Metroplex Republicans was the Dallas chapter of Log Cabin Republicans chapter before it was dechartered by the national organization for various reasons last year.
Sewell said her position with Cruz’s campaign involves helping volunteers “get plugged into events and groups and make sure that they are contributing to the campaign in a way that they are excited about.”
A Jan. 12 posting on Sewell’s website mentioned that she would be working as “an independent contractor in his run for U.S. Senate as his DFW Field Director. Sounds snazzy, huh? Snazzy or not, it’s going to be a big job but I’m excited about it. I’ll help manage the events and meetings in north Texas, as well as the volunteers, all in an effort to get Ted’s message out to the voters.”
Cruz expressed one of those messages at a GOP Senate debate hosted by the Eagle Forum at the Dallas Country Club on Wednesday, Feb. 22. At the event, Cruz said he has “something against gay marriage.”
“I don’t support gay marriage,” Cruz said. “I think there is an onslaught right now in this country to tear down traditional marriage, and I don’t think it’s right.”
Cruz also again attacked fellow GOP Senate hopeful Tom Leppert for attending gay Pride while he served as Dallas mayor.
“When the mayor of a city chooses twice to march in a parade celebrating gay pride, that’s a statement, and it’s not a statement I agree with,” Cruz said.
On his campaign website and at candidate forums, Cruz has touted his role, while working for Republican Attorney General Greg Abbott, in blocking a gay Texas couple from obtaining a dissolution of their Vermont civil union several years ago. And when a federal appeals court declared California’s same-sex marriage ban unconstitutional earlier this month, Cruz sent out several anti-gay tweets.
“Unfortunately (and predictably) the Ninth Circuit just ruled that California’s law upholding traditional marriage is unconstitutional,” Cruz wrote in one of the tweets, before asking people to retweet him if they “agree that the courts should not force gay marriage on Texas or the nation.”
At the beginning of Monday night’s meeting, Metroplex Republicans President Rob Schlein questioned whether it’s wise for Republicans to introduce LGBT issues in this political cycle. Schlein also mentioned that he previously told Dallas Voice that when two candidates were equal, he would vote for someone like Leppert who doesn’t attack the gay community.

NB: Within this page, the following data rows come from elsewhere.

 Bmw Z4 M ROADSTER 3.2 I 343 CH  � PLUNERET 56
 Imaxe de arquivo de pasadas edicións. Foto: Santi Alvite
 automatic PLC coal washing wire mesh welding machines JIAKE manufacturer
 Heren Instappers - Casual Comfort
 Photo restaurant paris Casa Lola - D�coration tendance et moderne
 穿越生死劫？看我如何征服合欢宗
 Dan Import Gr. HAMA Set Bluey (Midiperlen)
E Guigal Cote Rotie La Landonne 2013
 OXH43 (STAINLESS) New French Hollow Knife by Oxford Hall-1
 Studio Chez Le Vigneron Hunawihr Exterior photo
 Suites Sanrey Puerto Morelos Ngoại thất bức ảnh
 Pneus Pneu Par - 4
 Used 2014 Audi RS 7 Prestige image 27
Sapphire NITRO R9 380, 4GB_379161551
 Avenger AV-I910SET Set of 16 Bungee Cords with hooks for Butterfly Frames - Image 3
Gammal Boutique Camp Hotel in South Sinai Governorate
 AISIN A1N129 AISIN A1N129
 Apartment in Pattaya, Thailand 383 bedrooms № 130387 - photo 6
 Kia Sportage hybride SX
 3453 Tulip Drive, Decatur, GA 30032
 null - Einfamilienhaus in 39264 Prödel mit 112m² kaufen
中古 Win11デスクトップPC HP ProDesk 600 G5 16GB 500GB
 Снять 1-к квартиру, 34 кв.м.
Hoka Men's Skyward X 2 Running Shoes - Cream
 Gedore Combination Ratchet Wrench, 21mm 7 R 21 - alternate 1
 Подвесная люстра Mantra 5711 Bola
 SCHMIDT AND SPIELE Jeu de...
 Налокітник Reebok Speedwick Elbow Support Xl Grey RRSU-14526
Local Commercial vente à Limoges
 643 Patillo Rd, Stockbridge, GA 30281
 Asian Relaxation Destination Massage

“I wonder if it’s smart politically to be interjecting gay issues into our election cycle this time. Is it outdated and is it stupid? I say it is,” Schlein said. “So when our Texas candidates for U.S. Senate debated last week at Eagle Forum and each one of them loudly condemned Tom Leppert for merely marching in the gay Pride parade as our city major, does this help any of our prospective leaders win elections, no matter who they are, state or national? I question that.”
When asked about Sewell’s connection to the Cruz campaign, Schlein said that he was unaware of her role until recently.
“She was already scheduled,” he said. “I didn’t even know she was part of the campaign until the other day, and I’m not even sure what she does. I haven’t asked her.”
A potential guest to the group’s April meeting is gay Arizona Sheriff Paul Babeu, whose recent outing and allegations have led him to seek support from other groups in his run for Congress, Metroplex Republicans Vice President Rudy Oeftering said.
Oeftering said he made contact with Babeu last week, and after a “great conversation with him,” he wanted him to speak to the group to help “make history to elect the first open gay representative for the House.”
“He’s been a strong conservative for many years,” Oeftering said. “Besides the fact that he’s gay, he’s got pretty unassailable conservative credentials. With this new revelation, there’s a lot of people within the evangelical community that have now discounted him and he’s reaching out to new people and new sources to help him with his campaign.”